About this exercise
All entries must be repeated exactly; do not include the pictures.

[Start of section]

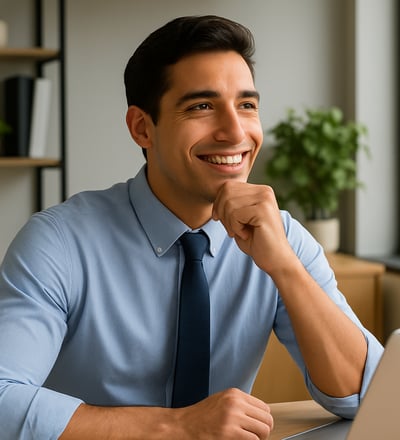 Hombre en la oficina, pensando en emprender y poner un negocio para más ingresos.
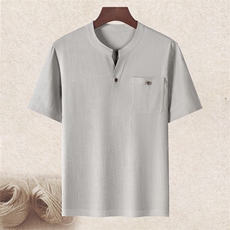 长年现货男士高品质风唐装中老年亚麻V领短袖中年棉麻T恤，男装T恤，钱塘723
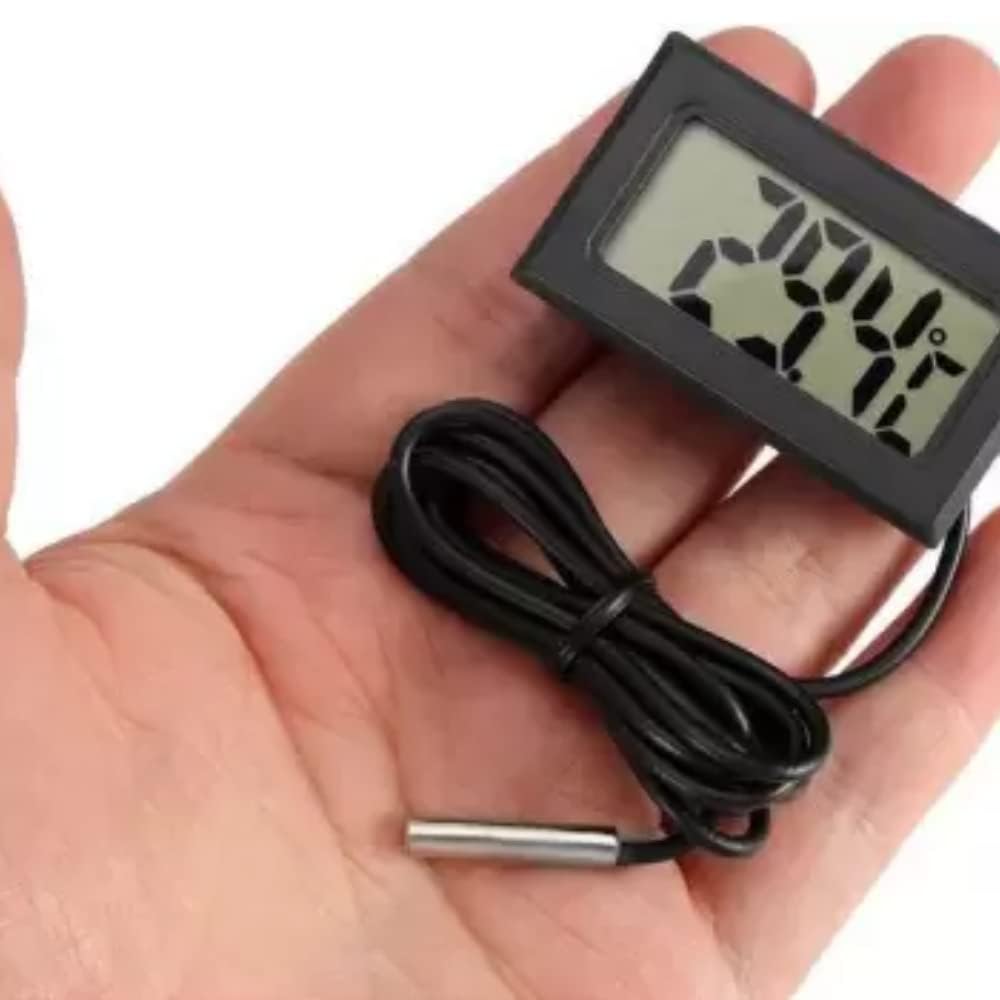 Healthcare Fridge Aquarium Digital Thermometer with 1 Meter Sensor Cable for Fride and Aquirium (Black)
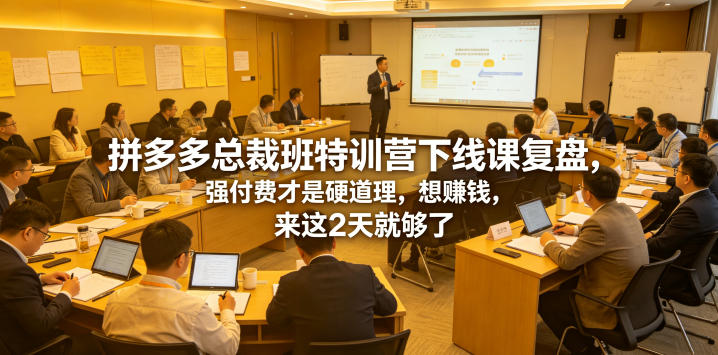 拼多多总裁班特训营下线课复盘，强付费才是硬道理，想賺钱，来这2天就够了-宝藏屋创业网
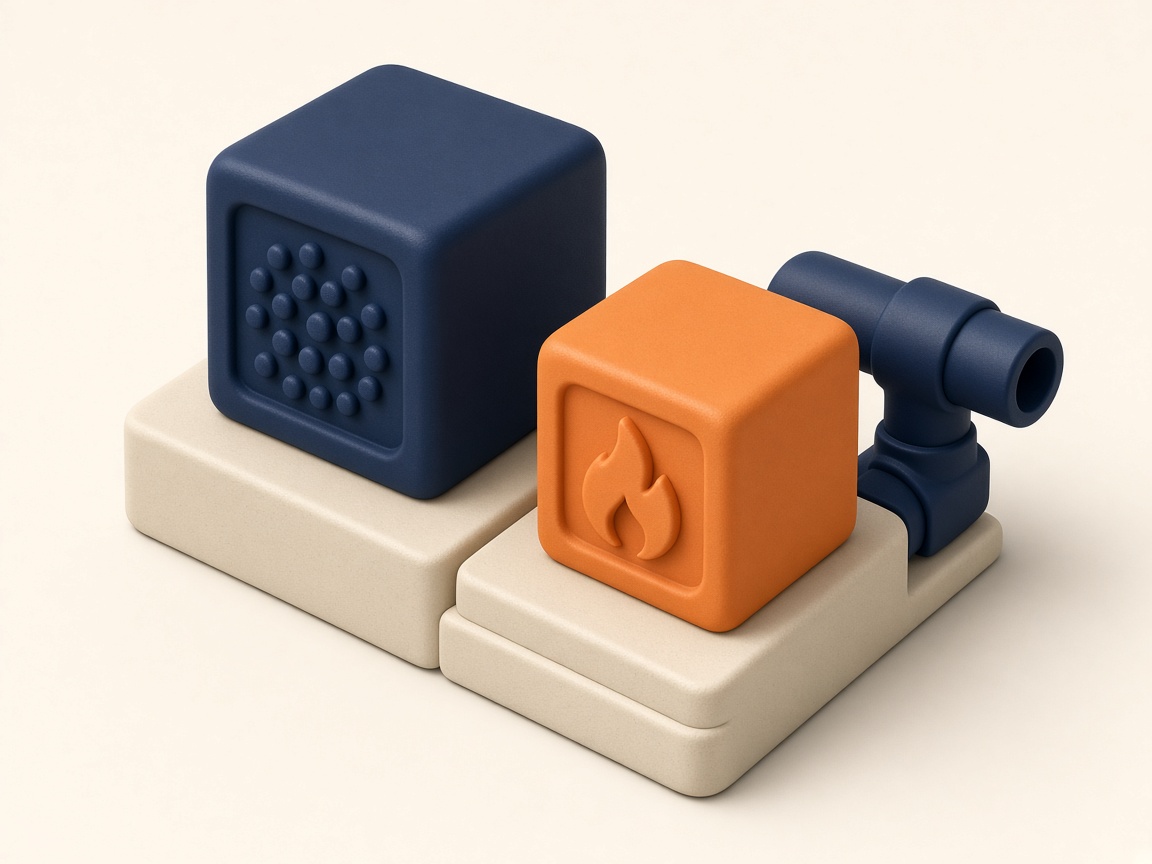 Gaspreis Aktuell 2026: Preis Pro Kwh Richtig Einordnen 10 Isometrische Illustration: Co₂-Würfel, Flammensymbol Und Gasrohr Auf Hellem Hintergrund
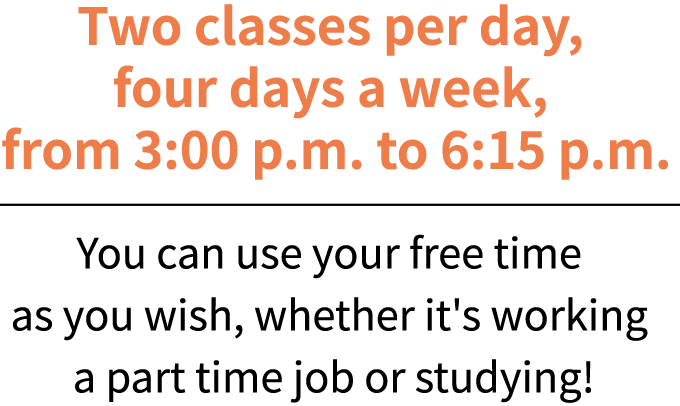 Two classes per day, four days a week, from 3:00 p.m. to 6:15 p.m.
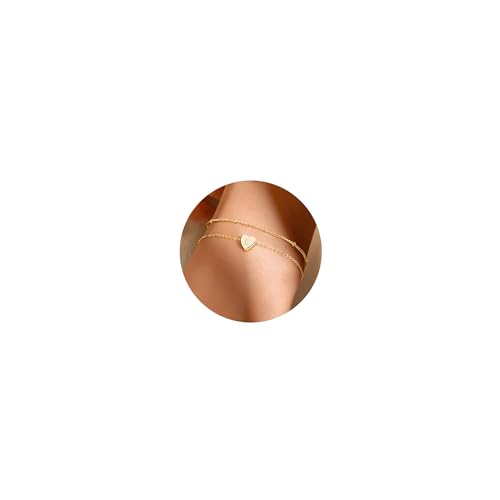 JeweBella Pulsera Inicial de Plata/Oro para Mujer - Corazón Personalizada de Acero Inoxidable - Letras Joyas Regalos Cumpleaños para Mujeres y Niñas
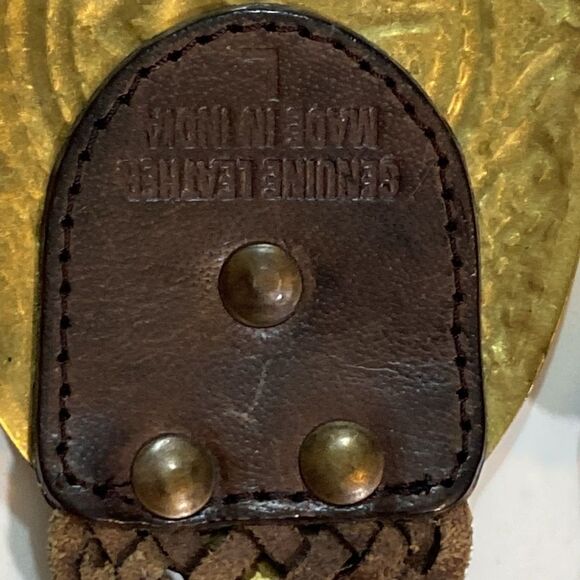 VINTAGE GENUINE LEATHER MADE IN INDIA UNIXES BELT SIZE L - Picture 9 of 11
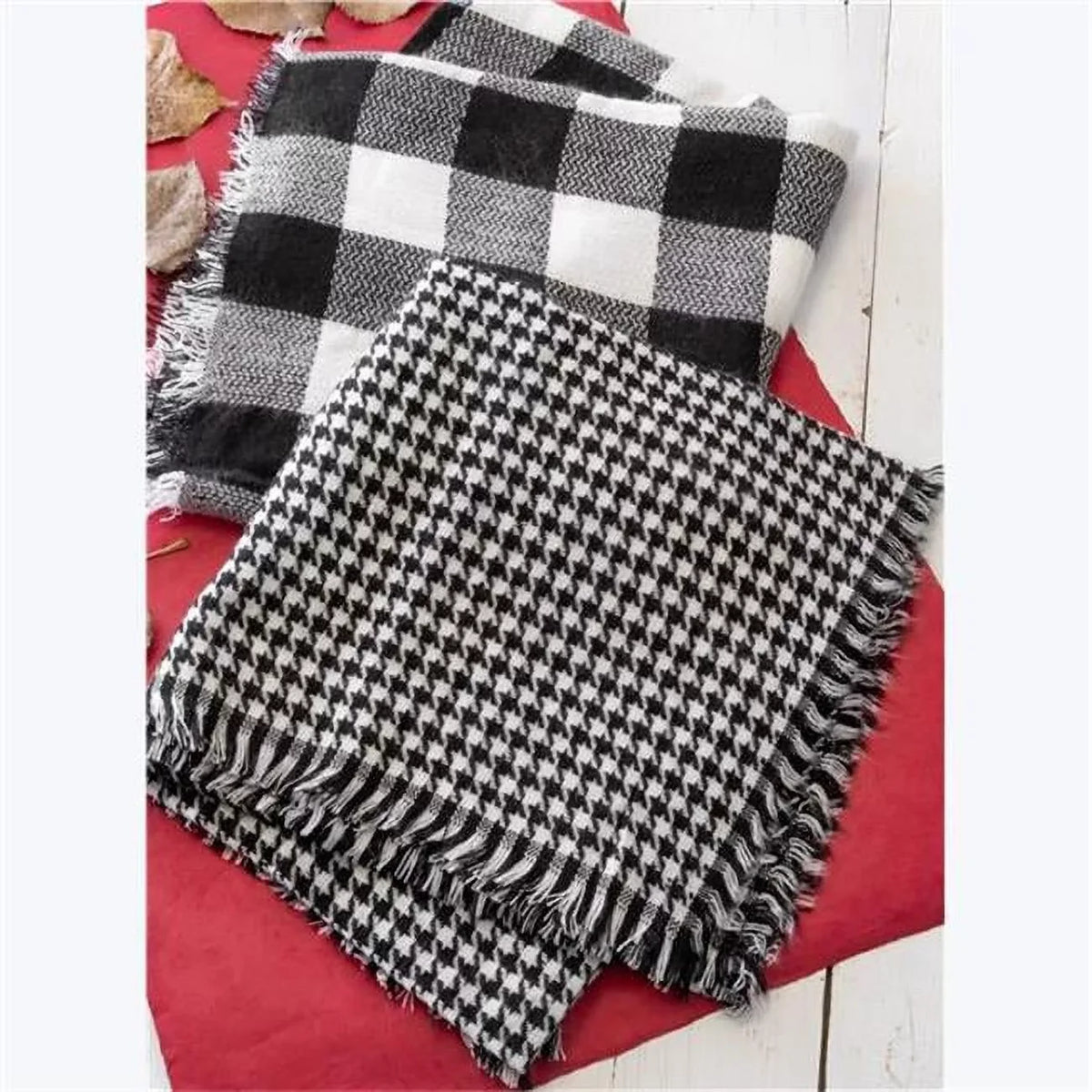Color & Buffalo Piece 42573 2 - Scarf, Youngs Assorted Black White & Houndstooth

[End of section]

Response to this exercise
 Hombre en la oficina, pensando en emprender y poner un negocio para más ingresos.
 长年现货男士高品质风唐装中老年亚麻V领短袖中年棉麻T恤，男装T恤，钱塘723
 Healthcare Fridge Aquarium Digital Thermometer with 1 Meter Sensor Cable for Fride and Aquirium (Black)
 拼多多总裁班特训营下线课复盘，强付费才是硬道理，想賺钱，来这2天就够了-宝藏屋创业网
 Gaspreis Aktuell 2026: Preis Pro Kwh Richtig Einordnen 10 Isometrische Illustration: Co₂-Würfel, Flammensymbol Und Gasrohr Auf Hellem Hintergrund
 Two classes per day, four days a week, from 3:00 p.m. to 6:15 p.m.
 JeweBella Pulsera Inicial de Plata/Oro para Mujer - Corazón Personalizada de Acero Inoxidable - Letras Joyas Regalos Cumpleaños para Mujeres y Niñas
 VINTAGE GENUINE LEATHER MADE IN INDIA UNIXES BELT SIZE L - Picture 9 of 11
Color & Buffalo Piece 42573 2 - Scarf, Youngs Assorted Black White & Houndstooth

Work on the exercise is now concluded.